Девушка с каштановыми волосами сидела на стуле и внимательно смотрела на меня.
— Они хотели… изолировать тебя. — Она с трудом подбирала слова. — Положить тебя в больницу. Но я их убедила, я умоляла… Ты можешь остаться здесь. Это наш дом.
Взор мой упал на уголок толстого стекла, полупрозрачный узор привлёк моё внимание. Почти незаметными кривыми буквами на поверхности стекла пальцем было выведено единственное слово:
«Взаперти»
И в эту же секунду под окном вновь появился человек с щенком на поводке.
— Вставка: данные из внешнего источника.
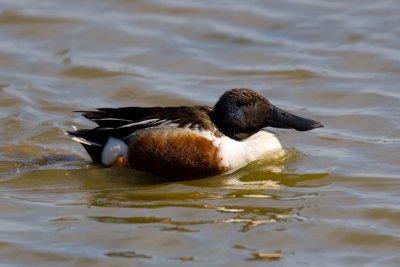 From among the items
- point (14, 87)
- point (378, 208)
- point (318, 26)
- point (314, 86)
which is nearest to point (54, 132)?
point (14, 87)

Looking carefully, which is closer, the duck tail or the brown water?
the brown water

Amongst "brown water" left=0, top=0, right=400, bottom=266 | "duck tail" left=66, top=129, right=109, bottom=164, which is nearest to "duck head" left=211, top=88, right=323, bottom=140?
"brown water" left=0, top=0, right=400, bottom=266

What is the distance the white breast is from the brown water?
0.14m

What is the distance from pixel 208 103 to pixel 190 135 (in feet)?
7.38

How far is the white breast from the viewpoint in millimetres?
7773

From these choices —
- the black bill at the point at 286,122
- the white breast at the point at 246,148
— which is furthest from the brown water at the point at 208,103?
the black bill at the point at 286,122

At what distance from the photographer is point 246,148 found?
7957mm

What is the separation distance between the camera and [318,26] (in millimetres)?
12094

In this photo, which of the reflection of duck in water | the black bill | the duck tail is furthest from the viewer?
the duck tail

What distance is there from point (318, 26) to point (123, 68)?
2.54 metres

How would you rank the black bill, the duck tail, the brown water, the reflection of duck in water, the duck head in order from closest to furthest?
the brown water, the reflection of duck in water, the duck head, the black bill, the duck tail

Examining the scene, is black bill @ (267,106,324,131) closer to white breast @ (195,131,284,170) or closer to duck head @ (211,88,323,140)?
duck head @ (211,88,323,140)

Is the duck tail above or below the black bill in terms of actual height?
below

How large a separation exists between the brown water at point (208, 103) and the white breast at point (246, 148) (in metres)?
0.14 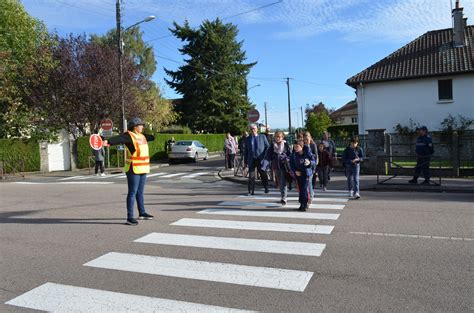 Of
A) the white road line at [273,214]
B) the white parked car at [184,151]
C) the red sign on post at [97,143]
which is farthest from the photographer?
the white parked car at [184,151]

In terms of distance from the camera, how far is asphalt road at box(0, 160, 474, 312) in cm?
417

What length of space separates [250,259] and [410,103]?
2280cm

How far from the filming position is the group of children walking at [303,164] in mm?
8859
Собака всё также настойчиво протянула мужчину мимо окна. Ощущение дежавю не ушло вместе с человеком, который скрылся из поля зрения, но, напротив, усилилось.
«Взаперти». Ко мне вдруг пришло отчётливое понимание – это про меня. Это я. И мне просто необходимо было оставить свой след в этой итерации осознанности посреди беспамятства. Дополнить собственную картину. Эта отметина, след кожи на стекле осталась единственным, что принадлежало мне в чужом мире.
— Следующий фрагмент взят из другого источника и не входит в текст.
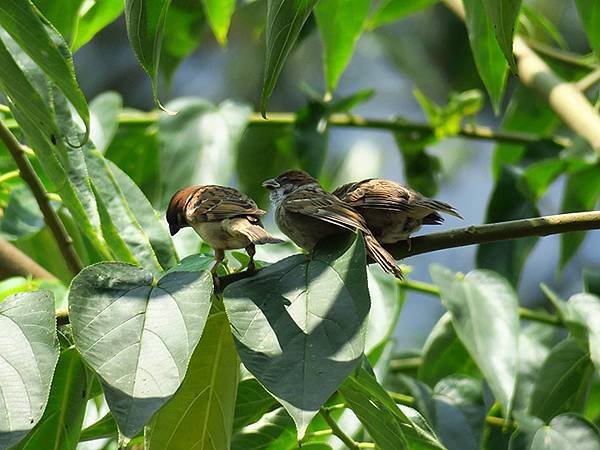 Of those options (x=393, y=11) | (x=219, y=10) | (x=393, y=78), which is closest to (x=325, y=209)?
(x=219, y=10)

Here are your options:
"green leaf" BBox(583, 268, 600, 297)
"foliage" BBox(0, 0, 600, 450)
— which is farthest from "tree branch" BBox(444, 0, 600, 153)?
"green leaf" BBox(583, 268, 600, 297)

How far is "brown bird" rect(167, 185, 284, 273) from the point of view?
2027mm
Аккуратно и незаметно для девушки рядом с начертанным словом я вывела пальцем ещё одно слово. Букву за буквой – «щ», «е», «н», «о», «к». Сильная взбудораженность овладевала мною, сердце ускорялось, а сквозь голову пробежала череда пульсирующих разрывов, словно по минному полю на полной скорости шёл тральщик.
… — Мы здесь всего лишь пару месяцев, но мне кажется, что прошли годы, — говорила девушка сквозь гулкий пульс. — Под этими двумя звёздами я совсем перестала чувствовать время…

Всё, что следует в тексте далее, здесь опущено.